Quoting Richard O'Keefe <o...@cs.otago.ac.nz>:
On 3/10/2011, at 7:15 AM, Du Xi wrote:
I guess this is what I want, thank you all. Although I still wonder
why something so simple in C++ is actually more verbose and
requires less known features in Haskell...What was the design
intent to disallow simple overloading?
It's not "SIMPLE overloading" you are asking for,
but "AD HOC overloading", which may look simple, but really isn't.

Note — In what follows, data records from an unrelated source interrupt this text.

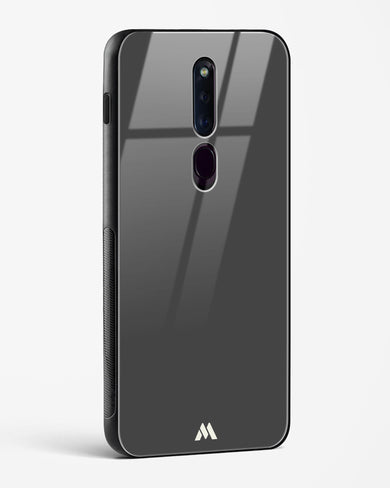 Gray in Absentia Glass Case Phone Cover (Oppo)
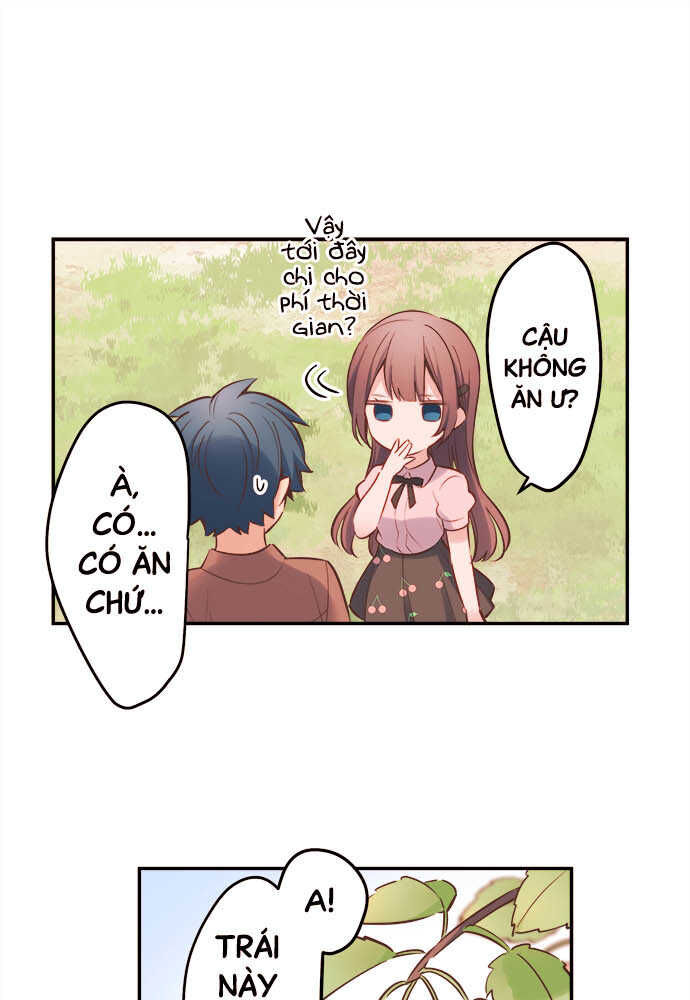 Cô Bạn Gái Hai Mặt Chapter 6 - Trang 2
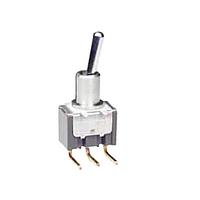 NKK Switches MN13SS2G30 Toggle Switches SWITCH TOGGLE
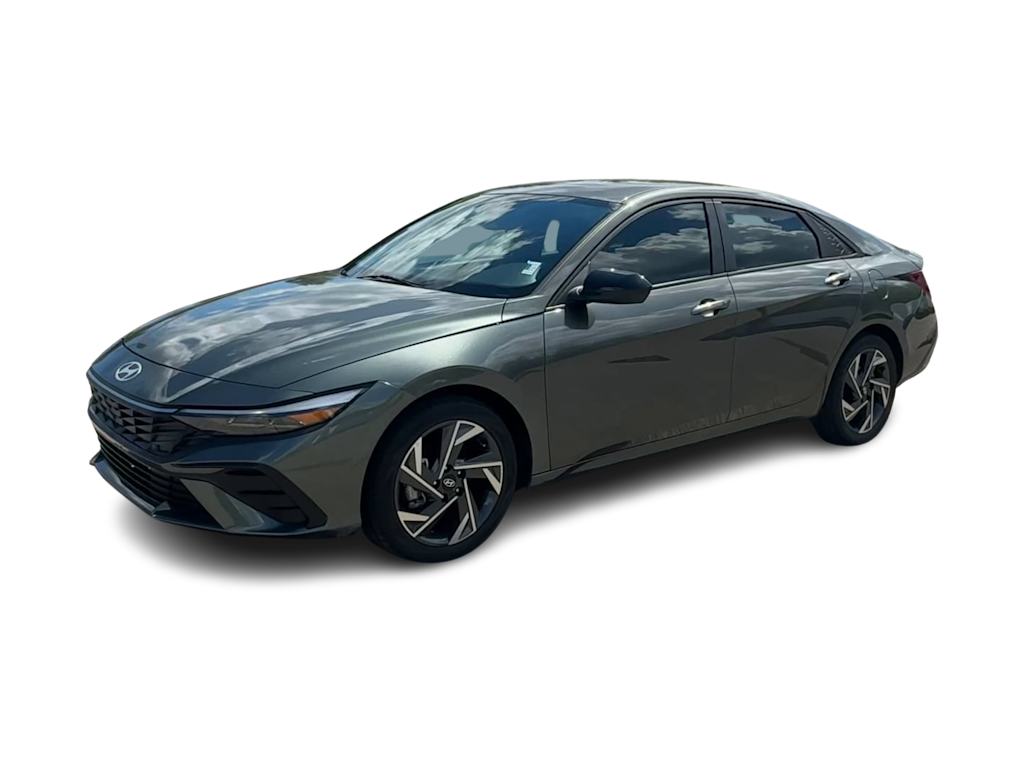 Thumbnail: 2025 Hyundai Elantra - 21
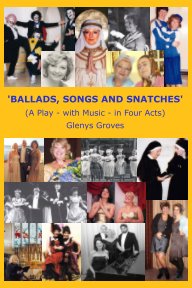'Ballads, Songs and Snatches' book cover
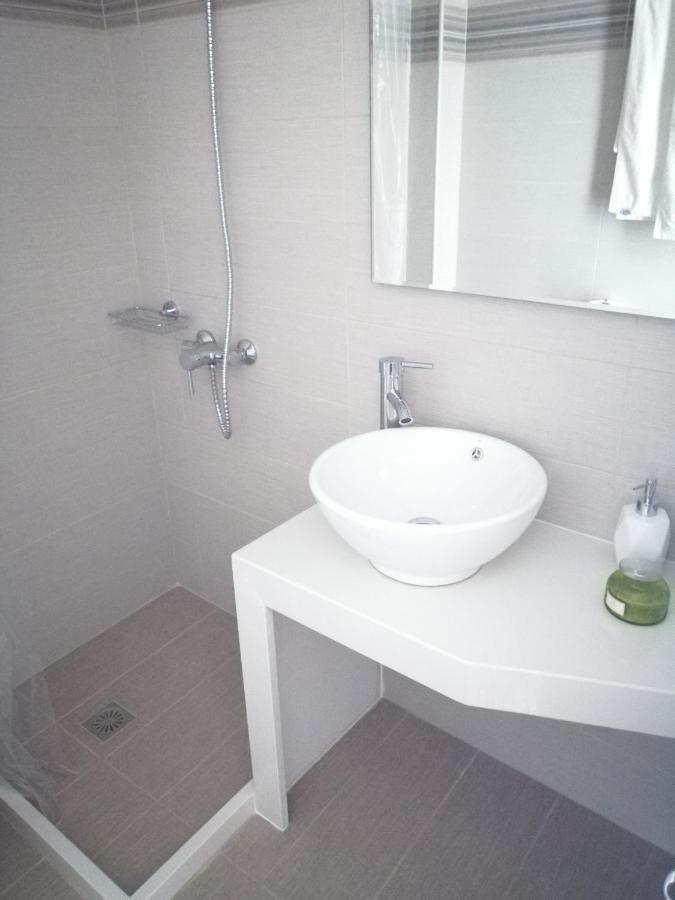 Coastal Apartment Christina 2 Makrýgialos Екстериор снимка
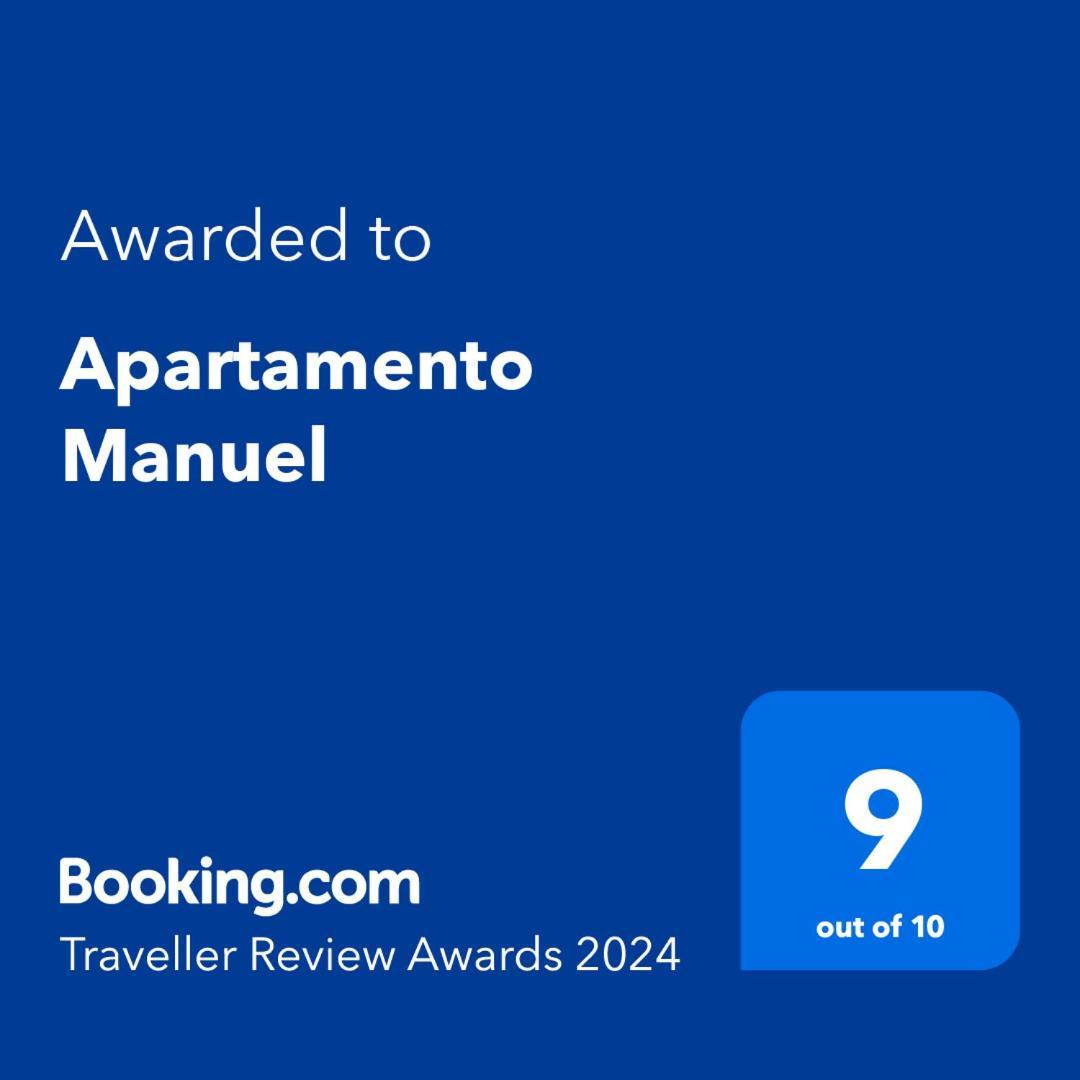 Apartamento Manuel Vilagarcia de Arousa Exteriör bild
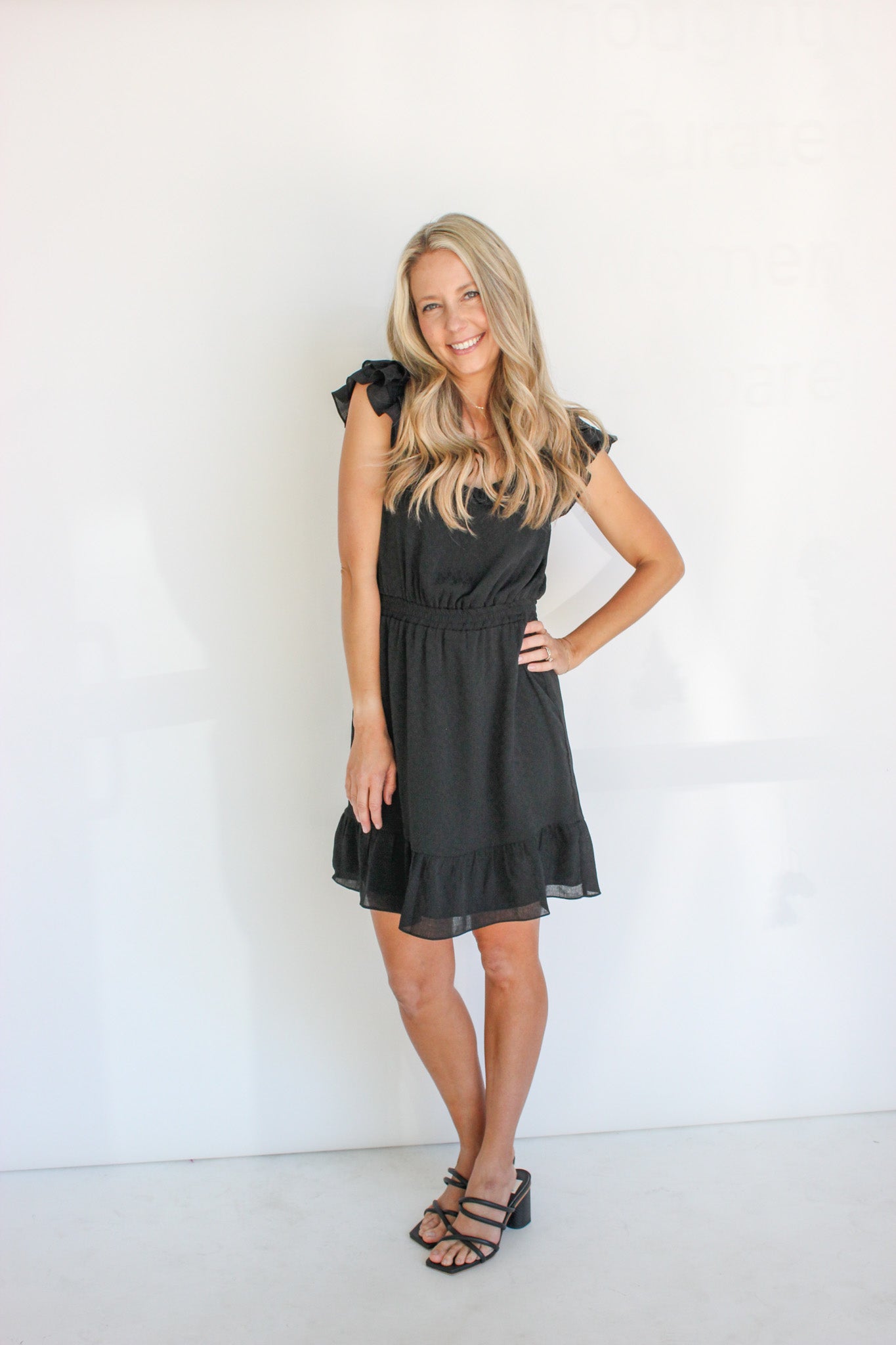 Chrissy Dress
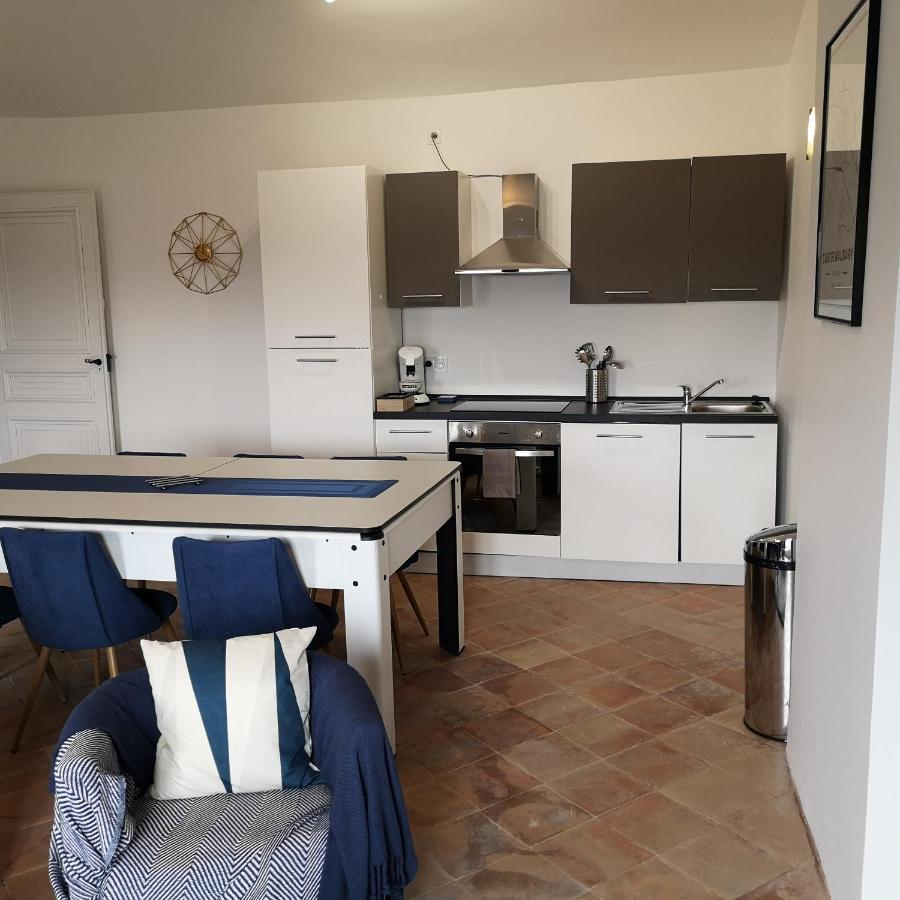 Suite Mermoz -T3- Belle Vue - Billard-Wifi-Velo Castelnaudary Eksteriør billede
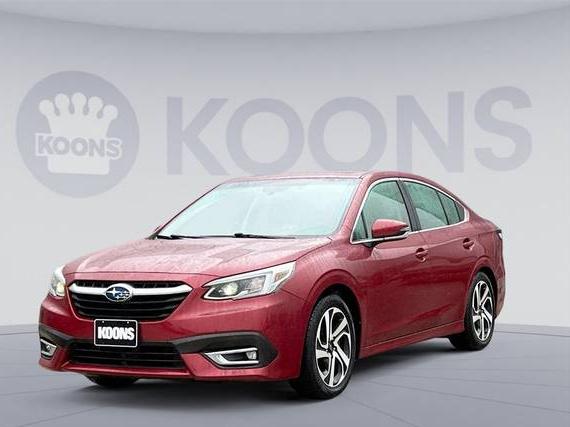 SUBARU LEGACY 2022 4S3BWGN67N3019258 image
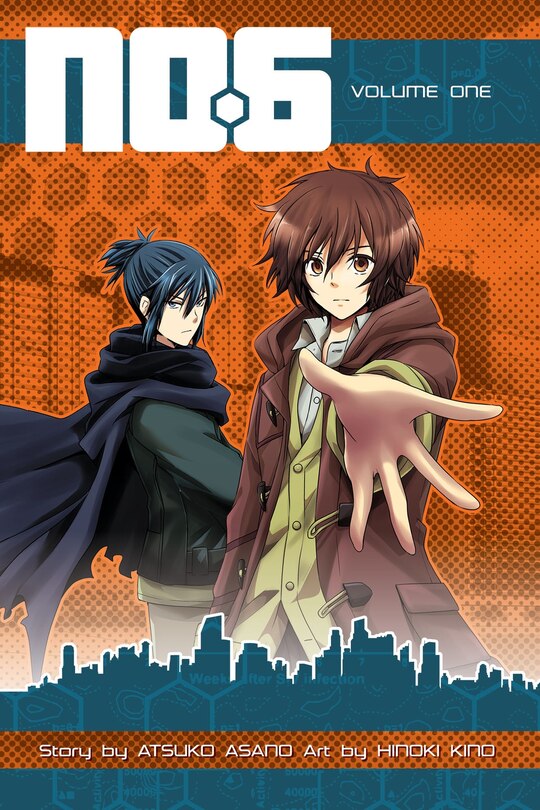 No. 6 Vol 1 [English Edition]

Taking your C++ f() example, in what sense are the two functions
_the same function_?
I understand that functions with the same name but different type
signatures are not the same function, but are a family of
functions,probably representing the same concept.
Also
identityInHaskell::a->a
identityInHaskell x = x
--I don't know if this is implemented as runtime polymorphism or
compile-time polymorphism,
--but it is possible to implement this as compile-time polymorphism.
and
template< typename T > T IdentityInCPP( T x ){ return x; }
are families of different functions.
I think the problem I have encountered can be broken down to 2 problems:
1. Haskell doesn't have a way to represent mapping from one type to
another (consider metafunctions in C++), which is addressed by
TypeFamilies.
2. Haskell disallows ad-hoc overloading. But I think implementing
ad-hoc overloading itself should be no more complex than implementing
type classes, perhaps it would tear a hole somewhere else?